John Key has a habit of speaking much more bluntly to foreign media than he does to us. In his interview with the Financial Times published this week he stated unequivocally that there will be no stimulus package for New Zealand. He hadn’t told us.
It was this, though, that caught my attention: “he is betting that a falling Kiwi dollar will naturally allow the current account deficit to correct itself over the next one to two years”
Why does John Key think that the dollar will fall as the economy recovers?
Look at some recent news reports on the currency:
“Kiwi slides, NZX falls as world markets tumble”, “the NZ dollar was hit hard as risk appetites retreated and commodities fell sharply. The kiwi had been caught up in growing optimism that global financials”, “Kiwi strengthens as risk appetite recovers”, “NZ dollar falls as investors get jitters”, “NZ dollar slumps with equity markets”
The currency goes down when the news is bad, up when it’s good.
The currency moves not because of the balance between imports and exports, like your high school economics textbook said, but because of investors and speculators moving their money in and out of the country based on confidence and interest rate differentials. We’re in a world economic crisis. Investors are scared. So there has been a ‘flight to quality’, they’ve got out of peripheral economies like New Zealand and put their money in the the safest of safe ports – US government debt. To do that, they’ve had to sell New Zealand dollars and buy USD. Fear about the world economy drives our dollar down.
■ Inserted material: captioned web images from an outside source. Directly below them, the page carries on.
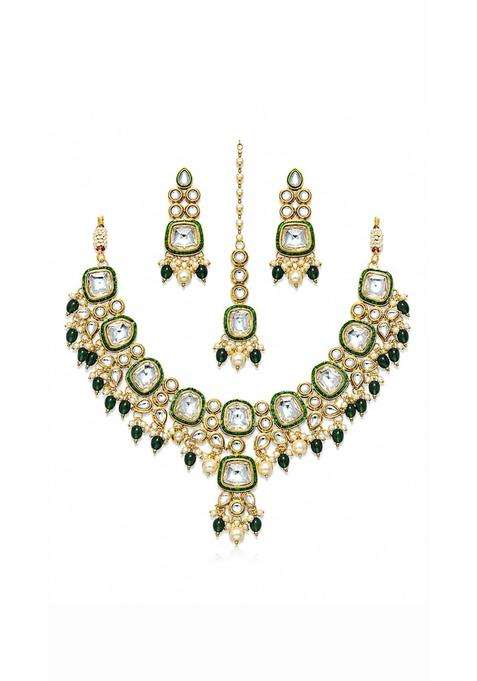 Shroeen Kundan Choker Necklace Set with Earrings and Maang Tikka Dark Green Meenakari Heavy Bridal Jewellery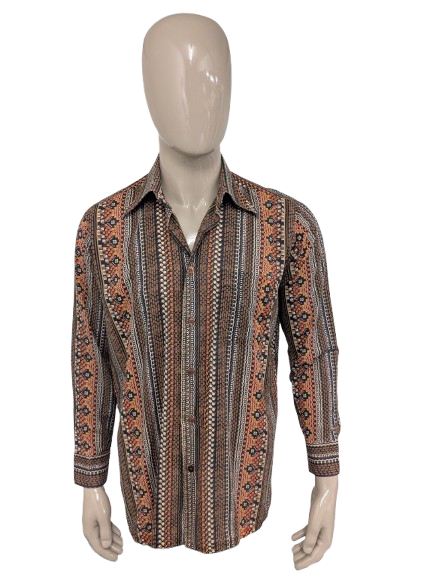 Vintage 70's Sport-style overhemd met puntkraag. Bruin Oranje Beige Zwarte print. Maat XL.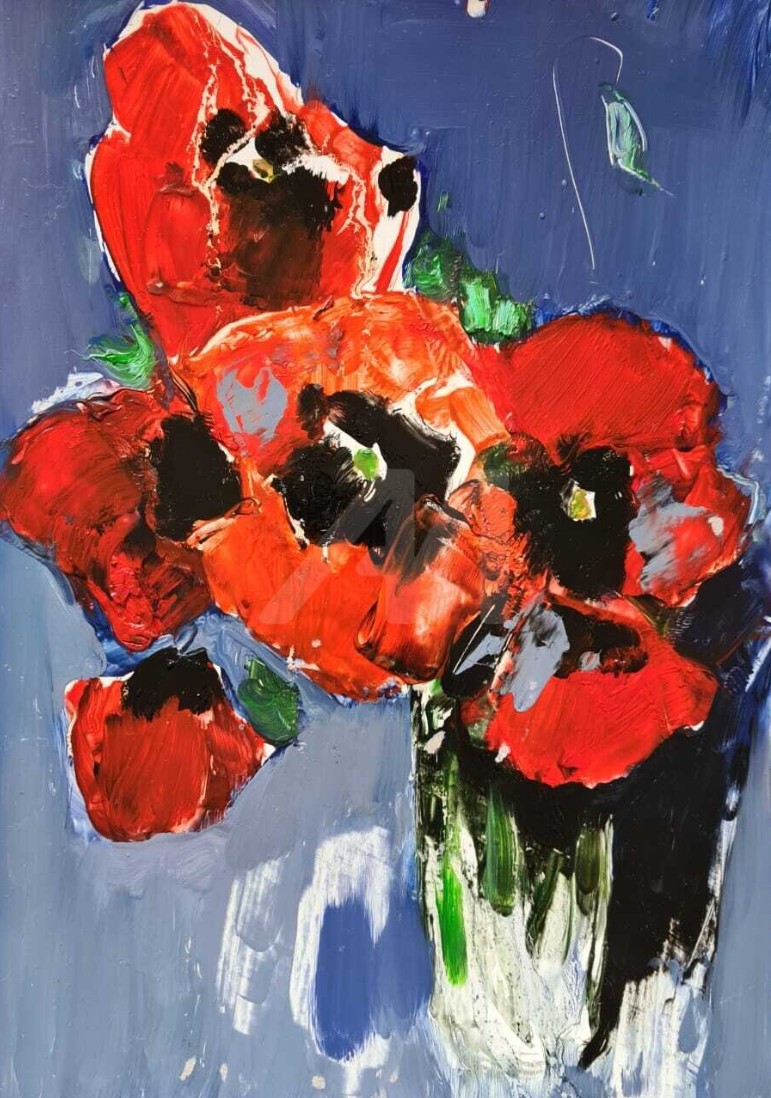 Coquelicots rouges aux cœurs noirs, touche libre sur fond gris-bleu — Mher Chatinyan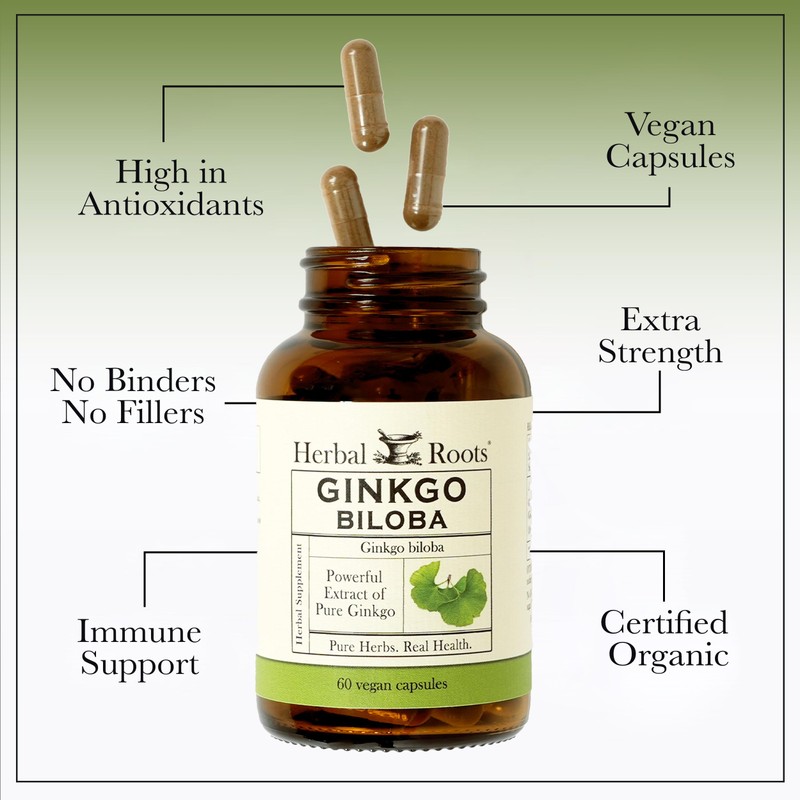 Herbal Roots Organic Ginkgo Biloba Made with Pure Organic Ginkgo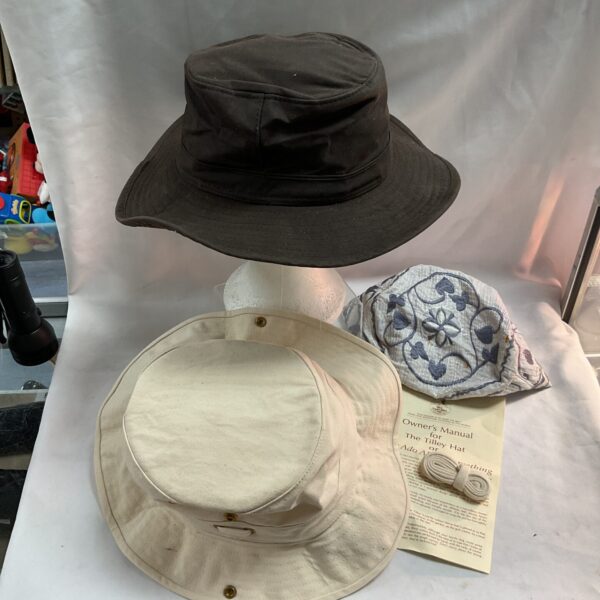 Three hats inc the Tilley hat And Barbour style hat and other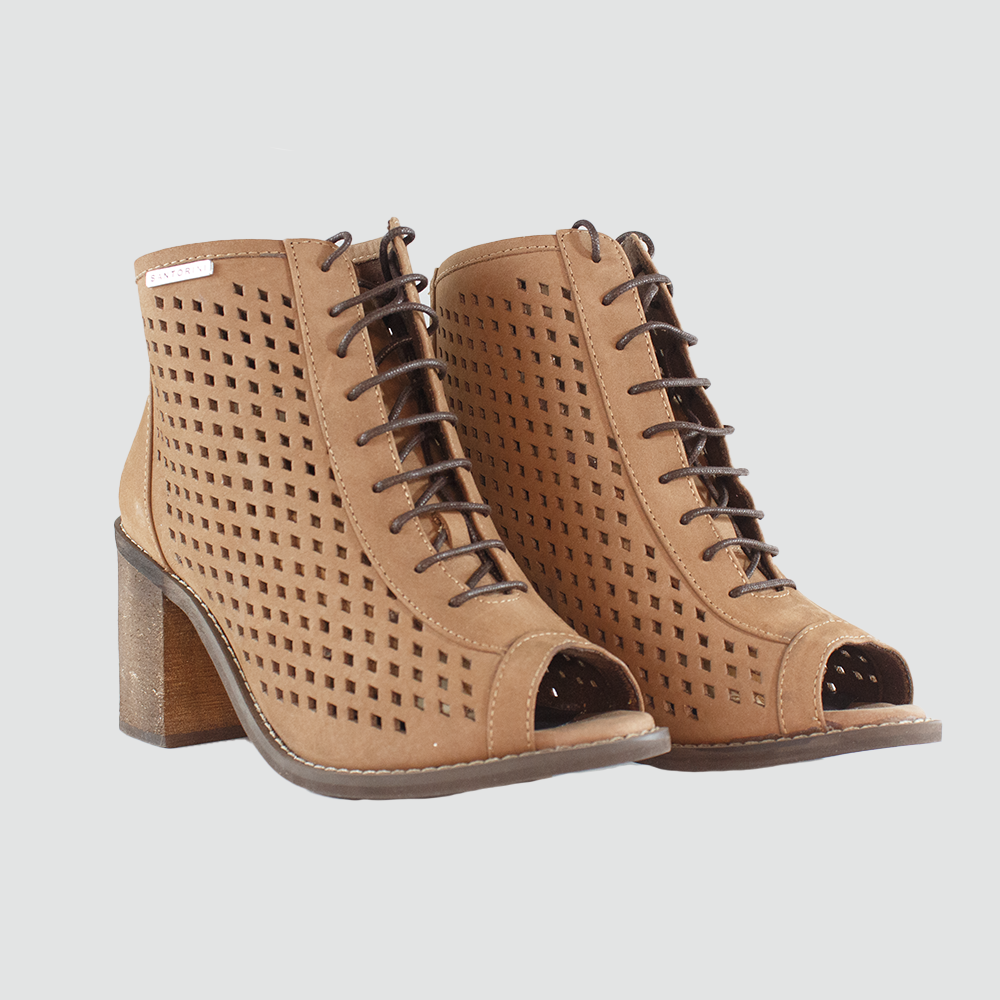 BOTINES PARA MUJER DAVEIVA CUERO TAUPE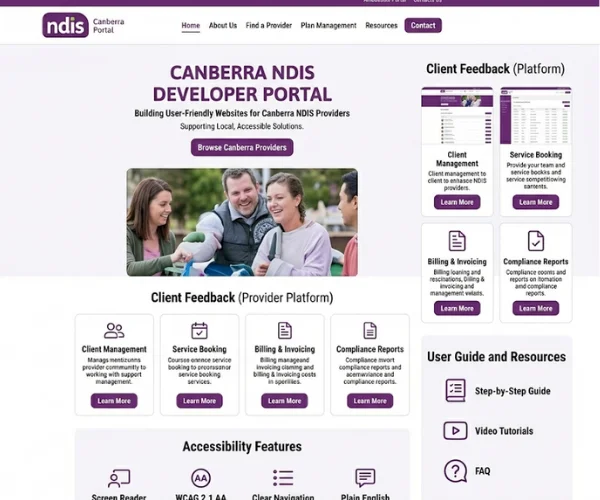 NDIS website design Canberra user friendly layout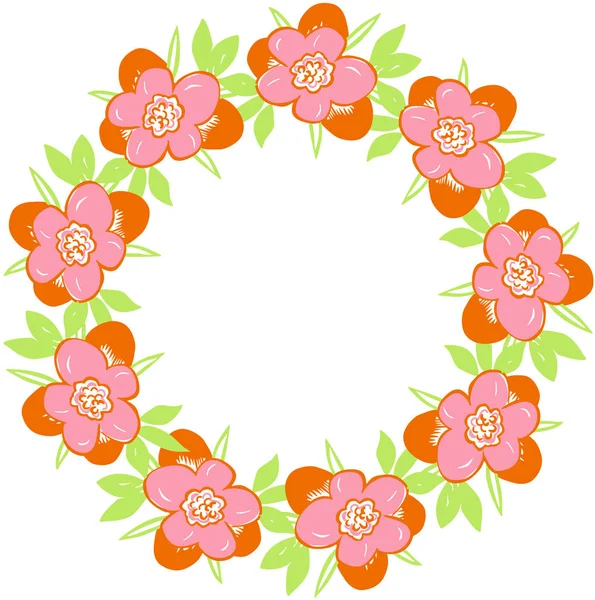 Round floral frame with spring flowers — Stock Vector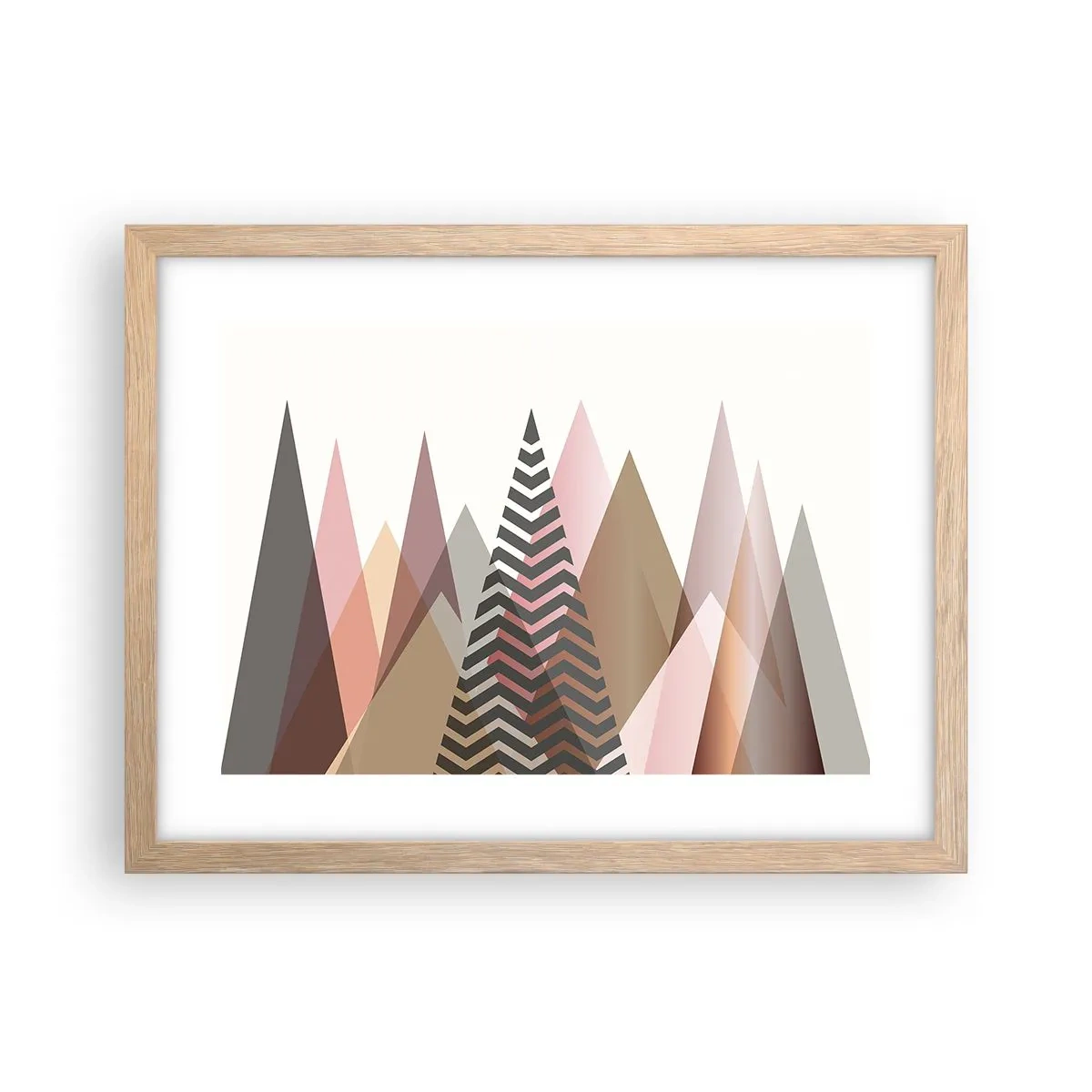 Poster în ramă de stejar deschis - Construcție piramidală - 40x30 cm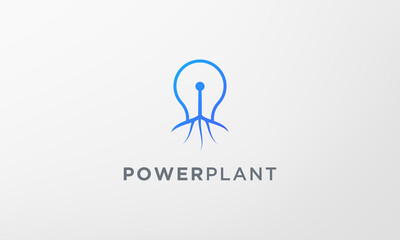 simple tree light bulb logo in modern style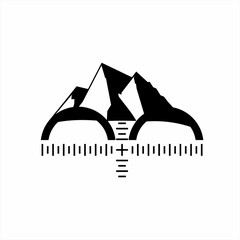 Binoculars logo design with close up view of iceberg.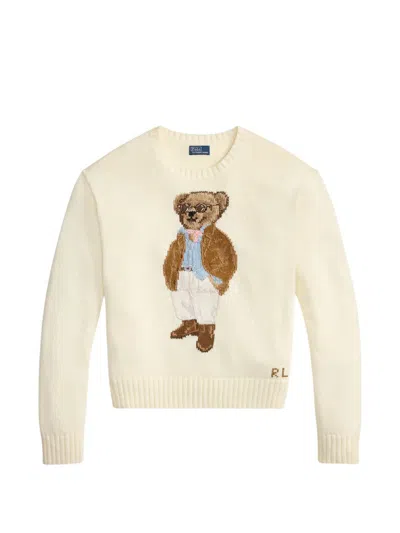 Polo Ralph Lauren Cotton Bear Long Sleeve Crew Neck In White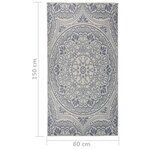 vidaXL Tapis à tissage plat d'extérieur 80x150 cm Motif bleu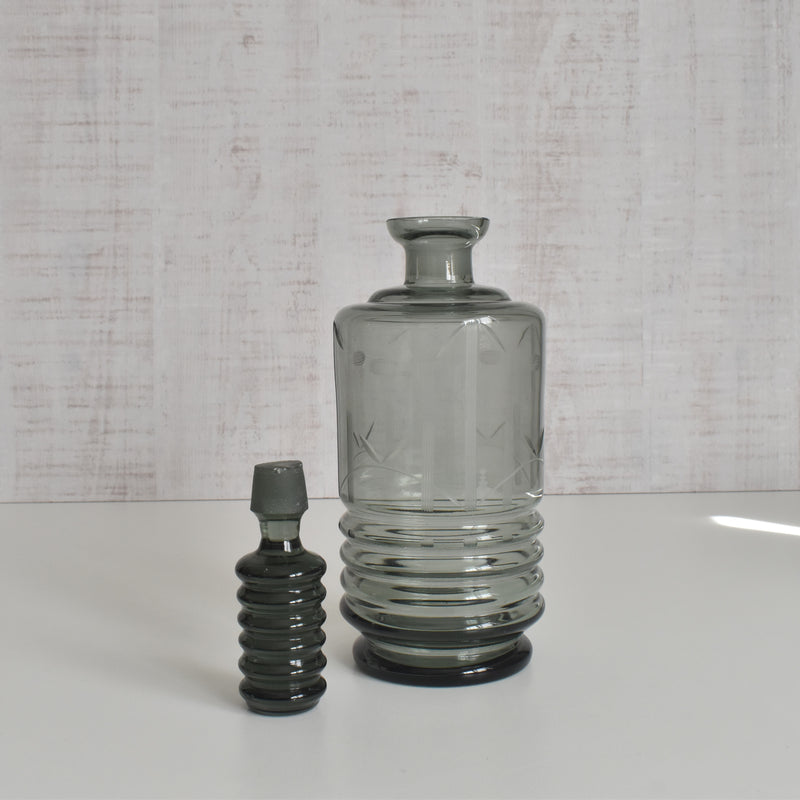 ヴィンテージデキャンタ アールデコ グレー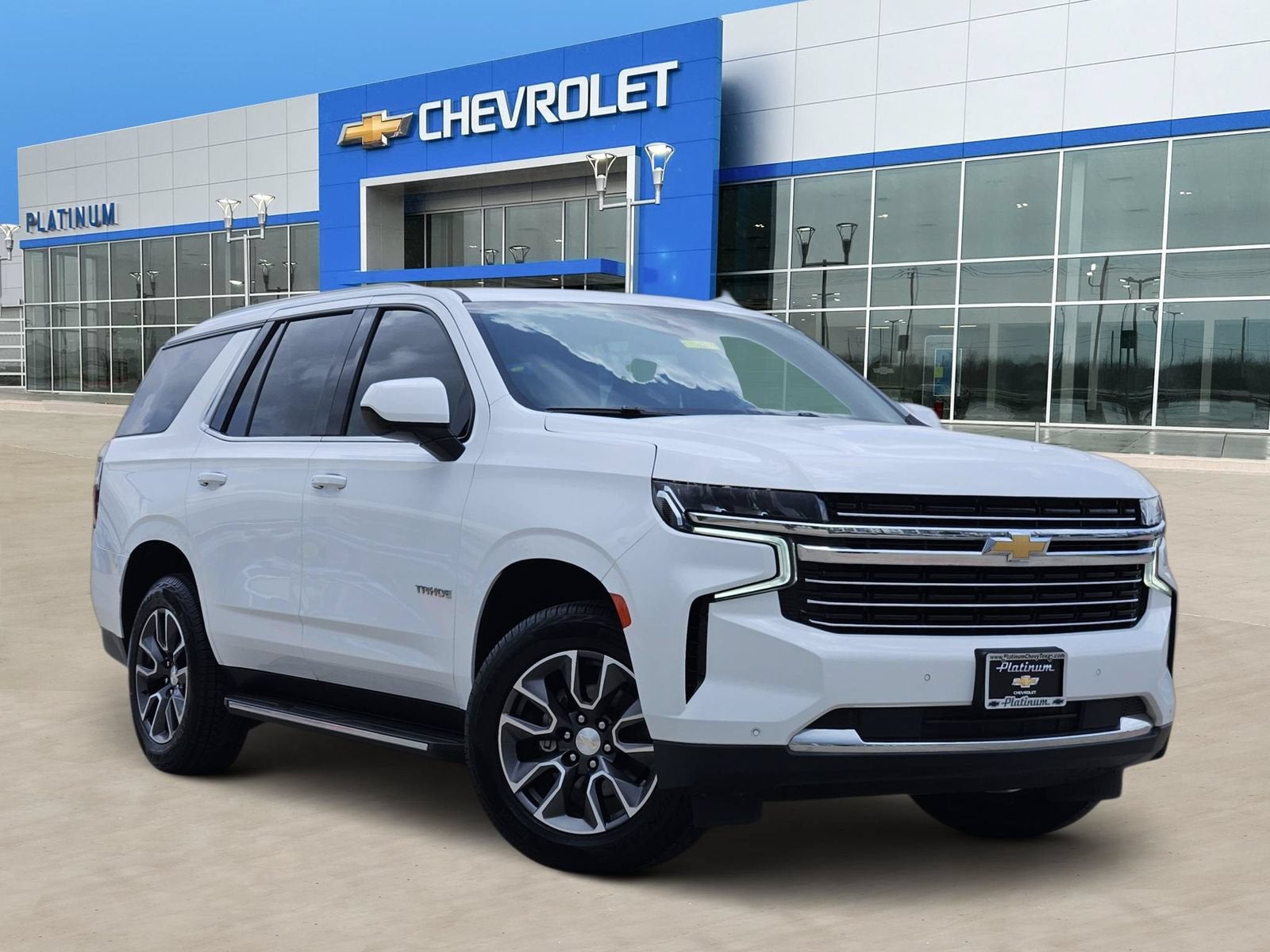 2022 Chevrolet Tahoe LT in Summit White — front three-quarter view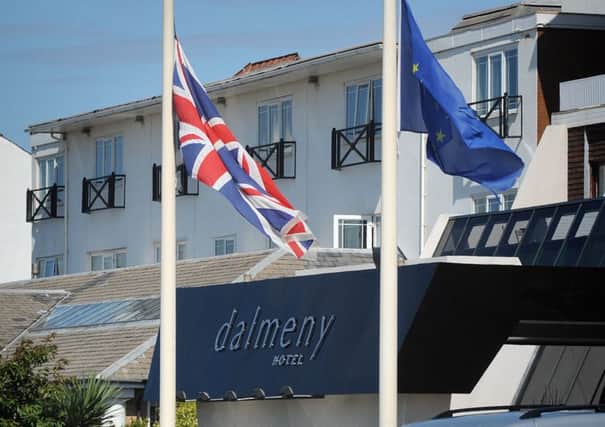 The Dalmeny Hotel in St Annes flies its flags at half-mast after a three year-old girl died in the hotel swimming pool.  PIC BY ROB LOCK
15-8-2014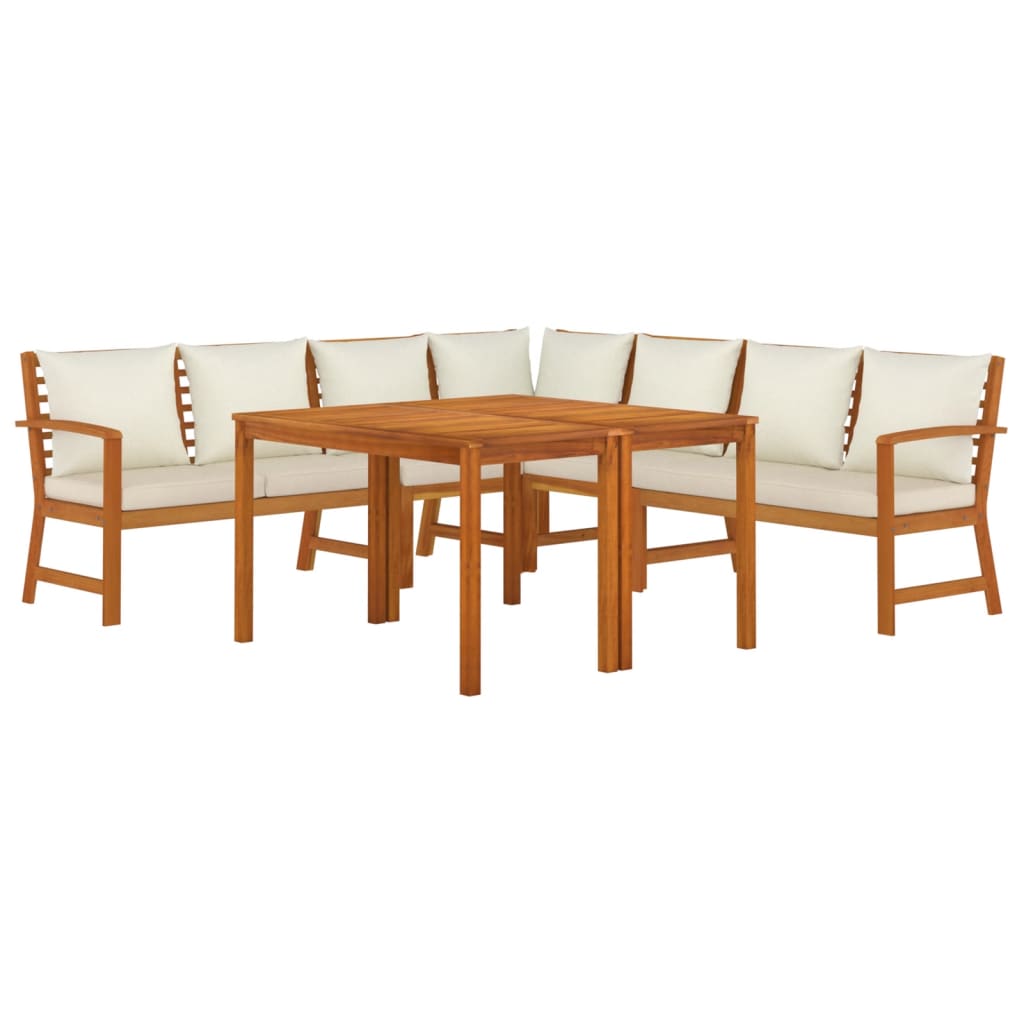 Patio Dining Set Natural Wood Solid Acacia Wood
When things appear to be getting better, our dollar recovers. Investors are less fearful and our relatively high interest rates make us attractive for the ‘carry trade’. They have to buy more New Zealand dollars and that pumps up the exchange rate.
Key’s got it backwards. When (if?) the New Zealand and world economies recover the dollar will rise, not fall, and we’ll be back in the with same problem we had before the world economy went to hell – relatively high interest rates, bringing in speculators, driving our currency too high, making imports cheap and export returns poor, leaving us with a current account deficit that’s too big for comfort.
It’s concerning that Key doesn’t foresee that problem but, then, he does like to look on the bright side. That’s working out great so far, eh?